EXERCISE OBJECTIVE: For each entry below, write an exact copy and leave out the images.

Image-text web data
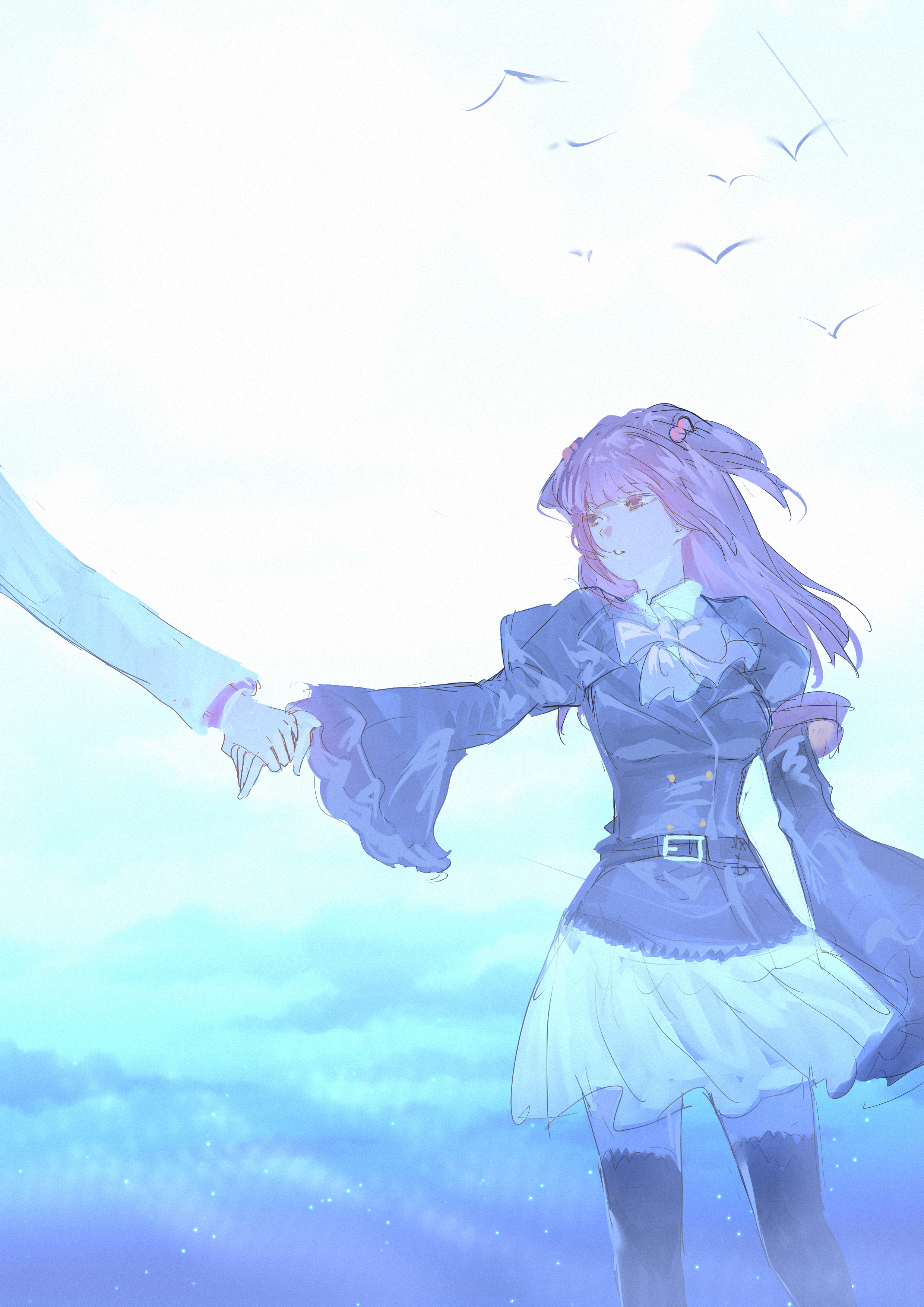 ushiromiya ange, ushiromiya battler, umineko no naku koro ni, absurdres, highres, 1boy, 1girl, beads, belt, bird, black belt, black jacket, black thighhighs, blue theme, blunt bangs, bow, bowtie, brother and sister, feet out of frame, floating clothes, floating hair, hair beads, hair ornament, half updo, holding hands, jacket, looking at another, parted lips, pink eyes, pink hair, puffy sleeves, purple bow, purple bowtie, qiaokelijie, seagull, short twintails, siblings, skirt, thighhighs, twintails, white skirt, wide sleeves, zettai ryouiki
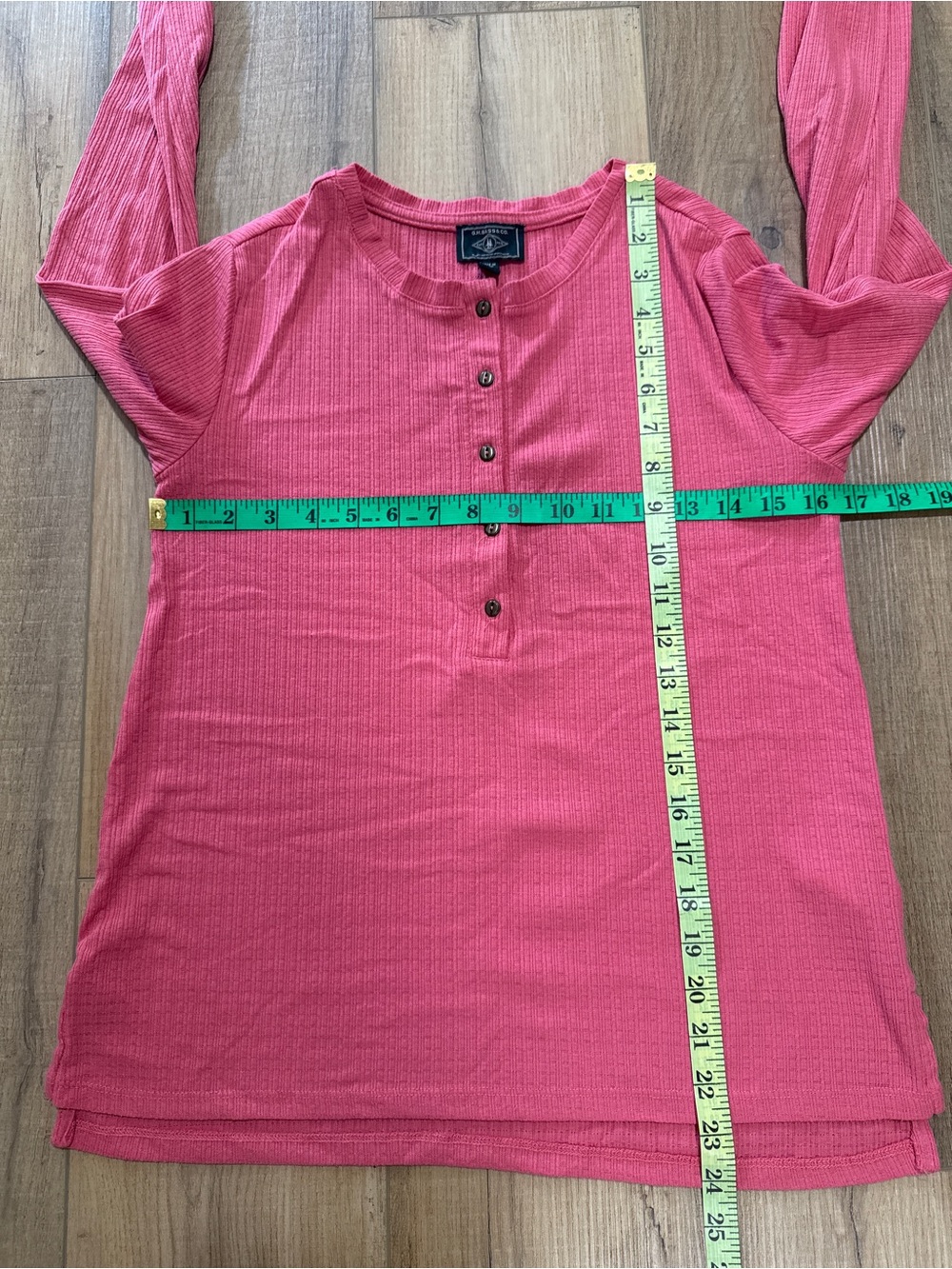 3 for $25 G.H. Bass & Co. Women Ribbed Henley Long Sleeve Top Coral Soft Cozy XS - Picture 6 of 6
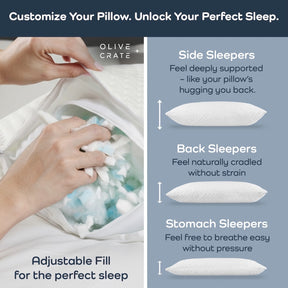 Adjustable memory foam pillow with cooling gel and microfiber blend fill for personalized loft.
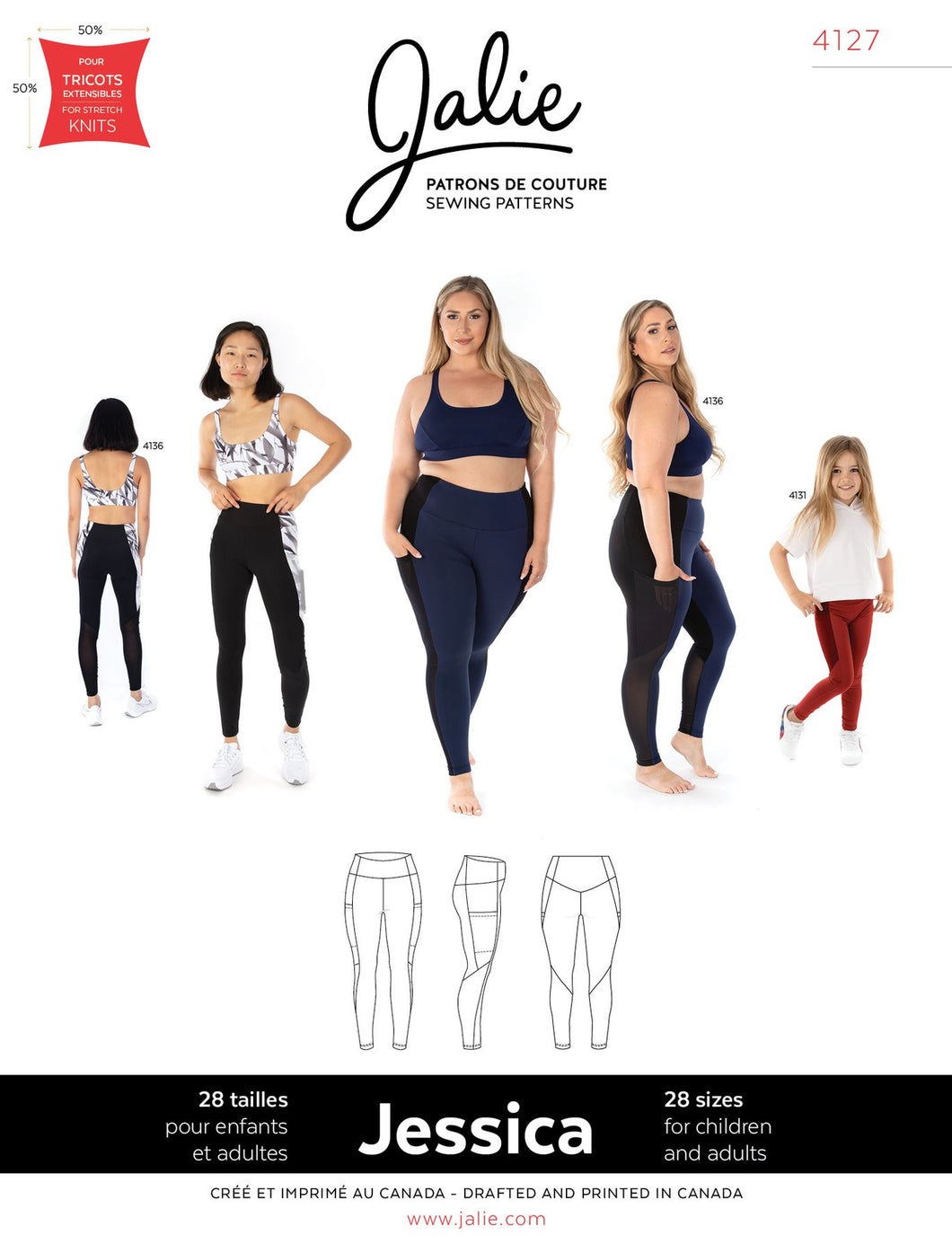 JESSICA Leggings with Side Pocket - Paper Pattern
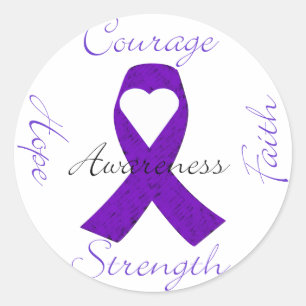 Sticker Rond Lupus Pancréatique Thyroïde violet ruban conscienc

TASK ANSWER:
 ushiromiya ange, ushiromiya battler, umineko no naku koro ni, absurdres, highres, 1boy, 1girl, beads, belt, bird, black belt, black jacket, black thighhighs, blue theme, blunt bangs, bow, bowtie, brother and sister, feet out of frame, floating clothes, floating hair, hair beads, hair ornament, half updo, holding hands, jacket, looking at another, parted lips, pink eyes, pink hair, puffy sleeves, purple bow, purple bowtie, qiaokelijie, seagull, short twintails, siblings, skirt, thighhighs, twintails, white skirt, wide sleeves, zettai ryouiki
 3 for $25 G.H. Bass & Co. Women Ribbed Henley Long Sleeve Top Coral Soft Cozy XS - Picture 6 of 6
 Adjustable memory foam pillow with cooling gel and microfiber blend fill for personalized loft.
 JESSICA Leggings with Side Pocket - Paper Pattern
 Sticker Rond Lupus Pancréatique Thyroïde violet ruban conscienc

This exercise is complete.